Il gup, Barbara Di Giovannantonio, con rito abbreviato, ha condannato sei persone per omicidio colposo, mentre altri tre sono stati assolti per non aver commesso il fatto. 

 


Menichino era rimasto per sei mesi in agonia, dopo il grave incidente sul lavoro avvenuto il 10 luglio del 2017 nel reparto Lac2/Pix1 dello stabilimento di viale Brin. Il pronunciamento ha visto di fatto accolto quanto era stato chiesto in aula dal pm, Elena Neri.
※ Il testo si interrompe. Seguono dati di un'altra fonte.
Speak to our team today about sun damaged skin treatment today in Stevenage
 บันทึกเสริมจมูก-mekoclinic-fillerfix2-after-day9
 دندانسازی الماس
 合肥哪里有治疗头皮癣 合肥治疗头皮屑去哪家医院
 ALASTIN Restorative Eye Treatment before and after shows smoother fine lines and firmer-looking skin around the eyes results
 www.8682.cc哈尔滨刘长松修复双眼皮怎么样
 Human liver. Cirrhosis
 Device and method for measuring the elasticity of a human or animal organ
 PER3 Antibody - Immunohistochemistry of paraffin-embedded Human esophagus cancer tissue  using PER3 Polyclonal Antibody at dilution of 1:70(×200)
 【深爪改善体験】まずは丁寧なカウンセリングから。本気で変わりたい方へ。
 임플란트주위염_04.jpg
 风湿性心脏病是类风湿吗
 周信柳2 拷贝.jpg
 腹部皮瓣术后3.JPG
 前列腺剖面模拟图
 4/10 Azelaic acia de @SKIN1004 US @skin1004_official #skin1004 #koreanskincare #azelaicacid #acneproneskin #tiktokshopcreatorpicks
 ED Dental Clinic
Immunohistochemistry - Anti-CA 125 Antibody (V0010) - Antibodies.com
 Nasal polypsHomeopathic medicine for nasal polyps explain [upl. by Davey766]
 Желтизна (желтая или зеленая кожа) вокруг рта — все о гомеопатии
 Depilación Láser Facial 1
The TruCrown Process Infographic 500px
Il giudice ha infatti condannato ad un anno e quattro mesi di reclusione Massimo Calderini (all'epoca dei fatti direttore di stabilimento), Dimitri Menecali (direttore di produzione), Gianvincenzo Salamone (responsabile della produzione a freddo Inox), Emanuele Fabri (preposto alla produzione del reparto Pix1), Raffaele Luongo (preposto al trattamento del reparto Pix1), ed Alfonso Alongi (preposto, capoturno del trattamento al reparto Pix1), riconoscendo a tutti le attenuanti generiche. 

 


Assolti – sempre in linea con le richieste del pubblico ministero – Arcengelo Lanni (preposto alla manutenzione del reparto Pix1), Federico Mariani (preposto alla gestione e manutenzione dei carriponte del reparto Pix1) e Leonardo Zaffrani (preposto, capoturno alla manutenzione). 

Gli imputati erano difesi dagli avvocati Andrea Garaventa, Attilio Biancifiori, Pierguido Soprani, Luciano De Luca e Ida Blasi
La decisione è giunta dopo una discussione di circa cinque ore ed una camera di consiglio relativamente breve, durata un’ora e mezza circa. 

Per tutte e sei le persone condannate, ora la prospettiva è quella dell’appello, una volta valutate le motivazioni della sentenza che verranno depositate entro i prossimi novanta giorni.  Obiettivo dei difensori è giungere ad una revisione sostanziale della sentenza, in senso ovviamente favorevole ai propri assistititi. 

Nel processo non figuravano parti civili, essendo stati i familiari dell’operaio deceduto, già risarciti dalle assicurazioni di Acciai Speciali Terni.